When you reach the line below that has "Super 8 by Wyndham Swan River MB 3", start returning lines exactly, and stop after the line that has "2 Bedroom Apartment"; skip the pictures.
━━━ RECORDS PROVIDED ━━━
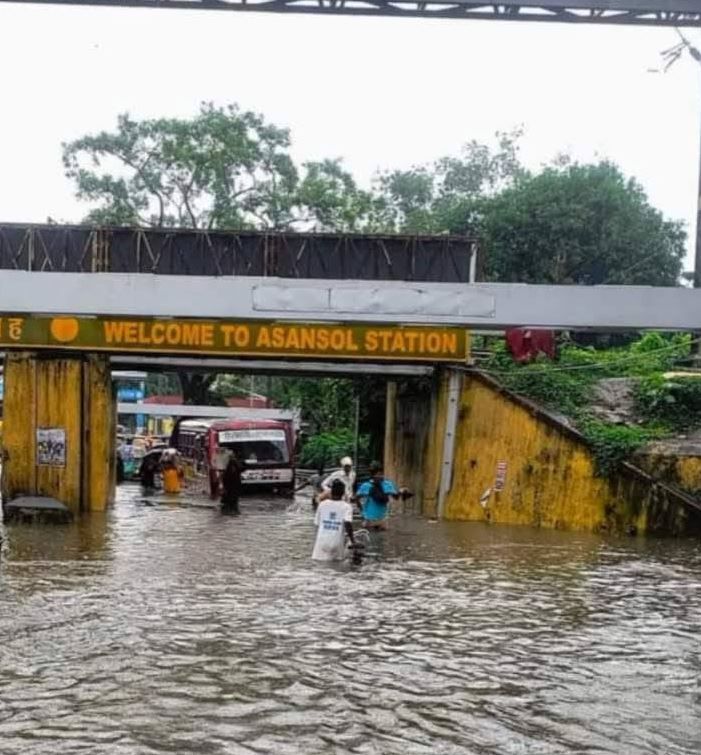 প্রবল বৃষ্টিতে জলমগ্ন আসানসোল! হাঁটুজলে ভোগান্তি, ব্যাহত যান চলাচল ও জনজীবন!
━━━
━━━ RECORDS PROVIDED ━━━
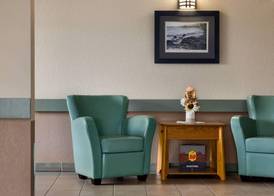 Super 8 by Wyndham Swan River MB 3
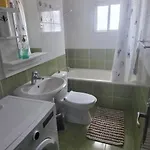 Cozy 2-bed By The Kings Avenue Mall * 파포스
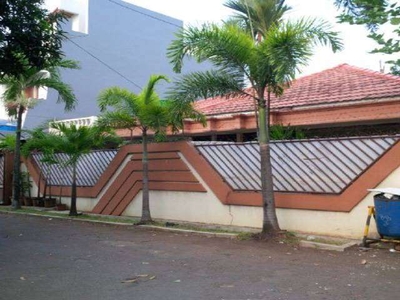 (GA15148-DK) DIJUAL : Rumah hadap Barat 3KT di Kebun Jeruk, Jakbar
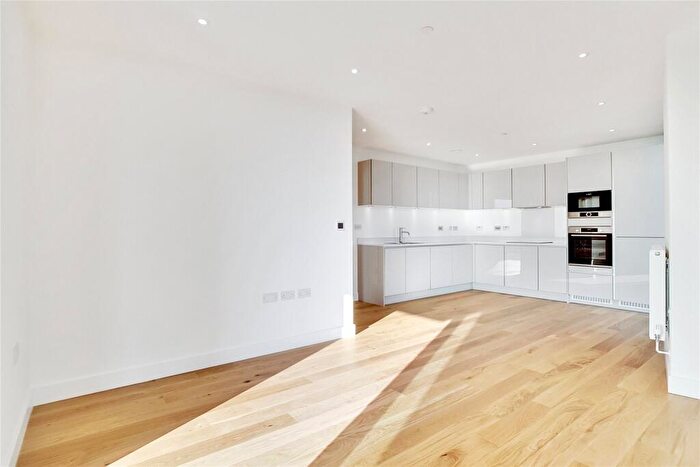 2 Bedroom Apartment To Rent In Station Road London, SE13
━━━
━━━ RECORDS PROVIDED ━━━
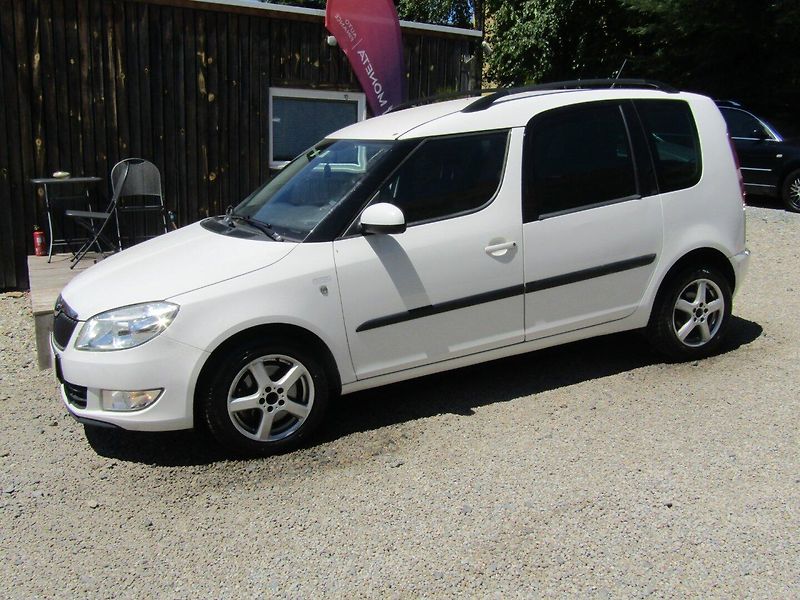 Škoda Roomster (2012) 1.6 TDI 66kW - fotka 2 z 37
━━━
*SOLUTION TO THIS PROBLEM:*
 Super 8 by Wyndham Swan River MB 3
 Cozy 2-bed By The Kings Avenue Mall * 파포스
 (GA15148-DK) DIJUAL : Rumah hadap Barat 3KT di Kebun Jeruk, Jakbar
 2 Bedroom Apartment To Rent In Station Road London, SE13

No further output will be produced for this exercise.